When picking an example ensure that you are able to identify a technique in the text. You want to find a technique that has greater meaning within the text.

Here, we’ve chosen to look at Prospero’s vengeance after successfully causing the ship to wreck upon their island:

“bountiful Fortune, Now my dear lady, hath mine enemies”

Step 2: Identify your technique(s)

Ensure that the technique you choose for your quote supports your analysis or can help you to build your argument.

To enhance your response, you want to discuss techniques that help to explain your thesis or idea — you should keep an eye out for any metaphors, similes, figurative language, symbolism, and recurring motifs!

For the above quote, there is the personification of Fortune and Fortune is also used as an allegory for Miranda.

Step 3: Write the analysis

When writing the analysis, focus on the effect of the technique and how it supports your argument.

The personification of Fortune alludes to Prospero’s Machiavellian tendencies — not only does he view Caliban and Ariel as servants for his use, he also views fortune in the same way which is further enforced by the possessive pronoun “my”.

Additionally, Miranda is used as a tool for revenge as her marriage to Ferdinand enables Prospero to guarantee his power and take back his rightful place as the Duke of Milan. Combining all of this together, an analysis will look something like this:

Through the shipwreck, Prospero has the opportunity to gain revenge on his usurpers through “bountiful Fortune, Now my dear lady, hath mine enemies” where the personification of “Fortune” reveals that Prospero views Miranda as a means of gaining revenge whilst also indicating how much he loves and treasures his daughter.

For a deeper analysis of The Tempest, check out our sample paragraph and analysed textual examples below:

Studying this text for HSC Module A: Textual Conversations

If you are studying this text for HSC English Module A: Textual Conversations, we’ll show you how you can connect a few of the syllabus dot points to your analysis.

Link #1: Disparate Issues

Prospero is betrayed by his brother Antonio prior to the start of the play and he tries to assert his revenge by restoring himself to power. However, there are various power relations within the play so while Prospero may portray himself as a victim, we can also see how he is a perpetrator in his relationship with Caliban and Ariel.

Notably, Prospero does restore order by the end of the play by forgiving his enemies, releasing Ariel and Caliban, and relinquishes his magical power. By the end of the play he is a simple old man, who is a father and able to return home. 

Link #2: Re-Imagining of Text

The Wedding Masque serves as a play within a play. The metadrama contributes to the allegories found within the play. It symbolises the climax where Prospero seeks revenge against his usurpers and regain his rightful position as Duke of Milan.

By marrying Miranda to Ferdinand the Prince of Naples, Prospero secures his power and legacy through a political marriage. Although Miranda may be seen as a pawn in Prospero’s time, it may also be possible to view Miranda as being equally cunning.

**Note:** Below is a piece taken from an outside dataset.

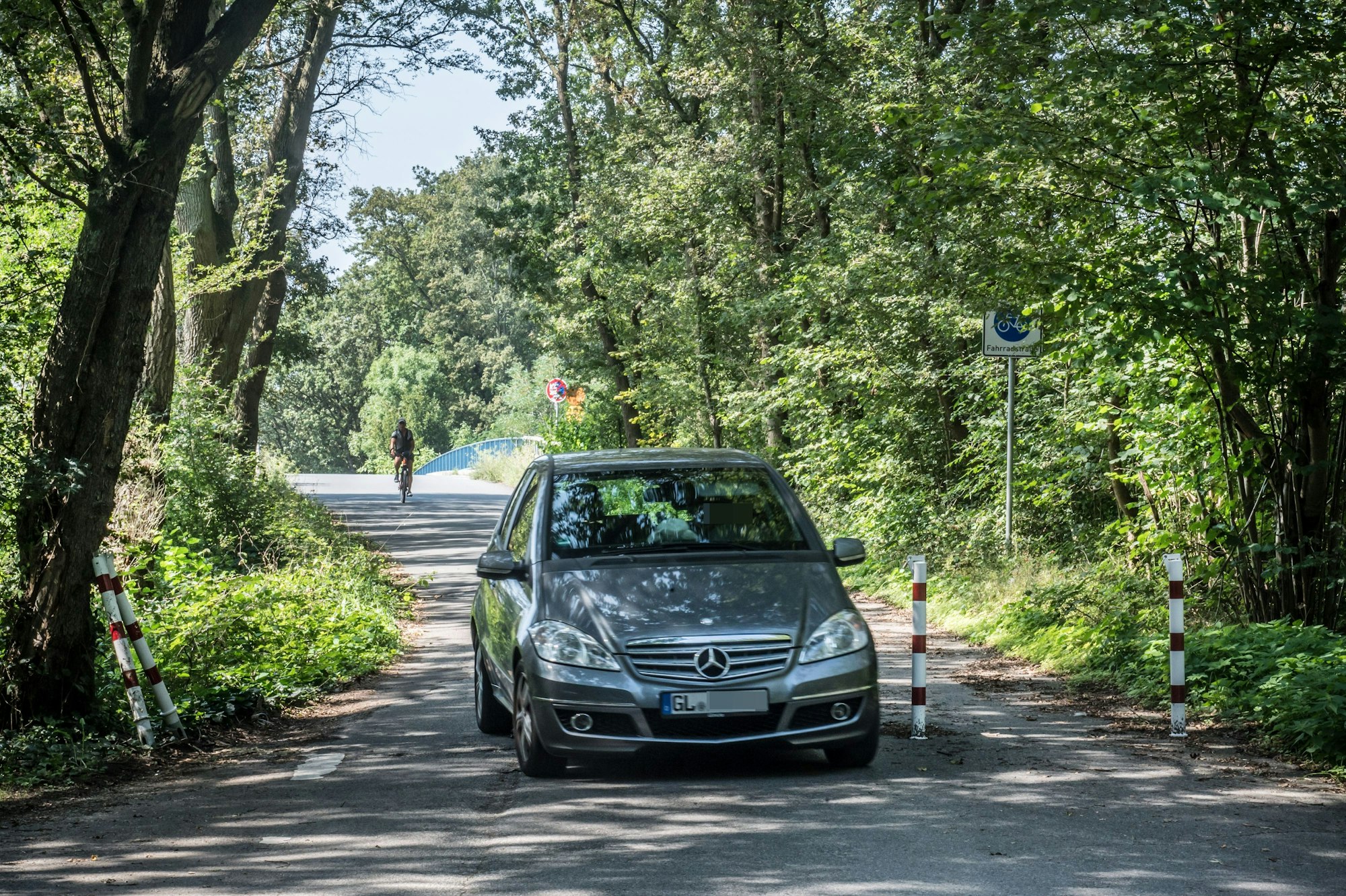 Knochenbergsweg, Poller wurden teils gestohlen, teils nur zur Seite gestellt. Foto: Ralf Krieger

Miranda and Ferdinand Playing Chess

While Prospero utilises Miranda to gain power, Miranda utilises her marriage to Ferdinand to gain freedom. Depending on what you want to argue, it can be possible to characterise Miranda as a passive daughter or a cunning young woman seeking to secure her freedom. 

Are you looking for some extra help with your analysis of The Tempest?

We have an incredible team of tutors and mentors!

We can help you master your analysis of The Tempest by taking you through the summary, context, key characters and themes. We’ll also help you ace your upcoming English assessments with personalised lessons conducted one-on-one in your home or online!

We’ve supported over 8,000 students over the last 11 years, and on average our students score mark improvements of over 20%!

To find out more and get started with an inspirational tutor and mentor, get in touch today or give us a ring on 1300 267 888!

Tiffany Fong is currently completing a double degree in Media and Communications with Law at Macquarie University. She currently contributes to the university zine, Grapeshot where she enjoys writing feature articles, commentary on current affairs or whatever weird interest that has taken over her mind during that month. During her spare time, Tiffany enjoys reading, writing, taking care of her plants or cuddling with her two dogs. 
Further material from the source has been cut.